WHAT IS BEING ASKED: Word for word, set down every line of the entries below from the line with "Foreclosed Home - 204 W WALNUT ST, 46562" to the line with "MS Dhoni hits", including both, and no other line.

Top of GIVEN RECORDS

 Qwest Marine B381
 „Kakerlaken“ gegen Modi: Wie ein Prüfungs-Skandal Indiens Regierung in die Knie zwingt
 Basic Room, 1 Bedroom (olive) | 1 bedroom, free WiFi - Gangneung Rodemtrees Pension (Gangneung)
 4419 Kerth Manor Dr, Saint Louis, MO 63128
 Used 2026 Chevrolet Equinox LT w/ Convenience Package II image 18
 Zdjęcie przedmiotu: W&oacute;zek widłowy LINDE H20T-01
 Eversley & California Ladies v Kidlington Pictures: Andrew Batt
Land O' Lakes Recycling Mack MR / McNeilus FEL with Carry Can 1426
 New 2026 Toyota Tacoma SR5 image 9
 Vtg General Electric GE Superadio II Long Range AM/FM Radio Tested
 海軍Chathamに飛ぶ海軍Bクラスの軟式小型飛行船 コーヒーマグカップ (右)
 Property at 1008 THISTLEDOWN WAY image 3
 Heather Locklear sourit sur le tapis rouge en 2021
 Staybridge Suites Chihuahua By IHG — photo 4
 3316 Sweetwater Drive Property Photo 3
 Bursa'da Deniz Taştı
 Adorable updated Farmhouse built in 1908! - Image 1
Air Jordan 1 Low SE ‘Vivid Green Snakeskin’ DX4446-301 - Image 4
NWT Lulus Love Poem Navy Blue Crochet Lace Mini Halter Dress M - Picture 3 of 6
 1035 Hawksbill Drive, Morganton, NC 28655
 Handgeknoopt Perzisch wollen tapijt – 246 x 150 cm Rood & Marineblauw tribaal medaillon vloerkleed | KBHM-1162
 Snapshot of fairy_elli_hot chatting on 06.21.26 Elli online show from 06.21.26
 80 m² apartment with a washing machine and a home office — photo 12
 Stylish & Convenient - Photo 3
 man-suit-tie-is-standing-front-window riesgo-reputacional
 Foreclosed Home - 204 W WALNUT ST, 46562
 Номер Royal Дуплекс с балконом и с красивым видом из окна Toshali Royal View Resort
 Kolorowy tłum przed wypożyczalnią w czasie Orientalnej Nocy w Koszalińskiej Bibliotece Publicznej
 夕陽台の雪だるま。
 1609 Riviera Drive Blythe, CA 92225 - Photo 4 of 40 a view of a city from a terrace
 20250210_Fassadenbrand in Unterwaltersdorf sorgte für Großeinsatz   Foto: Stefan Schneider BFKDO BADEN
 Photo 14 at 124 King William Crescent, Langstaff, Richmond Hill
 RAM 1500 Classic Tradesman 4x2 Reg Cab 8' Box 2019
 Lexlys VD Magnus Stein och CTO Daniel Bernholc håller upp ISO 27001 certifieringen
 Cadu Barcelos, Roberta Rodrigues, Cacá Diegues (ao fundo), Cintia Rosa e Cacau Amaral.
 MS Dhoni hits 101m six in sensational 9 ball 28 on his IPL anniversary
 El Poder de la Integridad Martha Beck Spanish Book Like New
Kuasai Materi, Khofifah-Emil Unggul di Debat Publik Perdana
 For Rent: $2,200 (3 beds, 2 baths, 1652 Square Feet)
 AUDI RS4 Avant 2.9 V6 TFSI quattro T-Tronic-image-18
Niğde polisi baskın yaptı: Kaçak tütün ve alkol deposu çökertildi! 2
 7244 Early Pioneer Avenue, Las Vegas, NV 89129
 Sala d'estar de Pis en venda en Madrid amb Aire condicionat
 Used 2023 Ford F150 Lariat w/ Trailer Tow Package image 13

Bottom of GIVEN RECORDS

ANSWER BOX:
 Foreclosed Home - 204 W WALNUT ST, 46562
 Номер Royal Дуплекс с балконом и с красивым видом из окна Toshali Royal View Resort
 Kolorowy tłum przed wypożyczalnią w czasie Orientalnej Nocy w Koszalińskiej Bibliotece Publicznej
 夕陽台の雪だるま。
 1609 Riviera Drive Blythe, CA 92225 - Photo 4 of 40 a view of a city from a terrace
 20250210_Fassadenbrand in Unterwaltersdorf sorgte für Großeinsatz   Foto: Stefan Schneider BFKDO BADEN
 Photo 14 at 124 King William Crescent, Langstaff, Richmond Hill
 RAM 1500 Classic Tradesman 4x2 Reg Cab 8' Box 2019
 Lexlys VD Magnus Stein och CTO Daniel Bernholc håller upp ISO 27001 certifieringen
 Cadu Barcelos, Roberta Rodrigues, Cacá Diegues (ao fundo), Cintia Rosa e Cacau Amaral.
 MS Dhoni hits 101m six in sensational 9 ball 28 on his IPL anniversary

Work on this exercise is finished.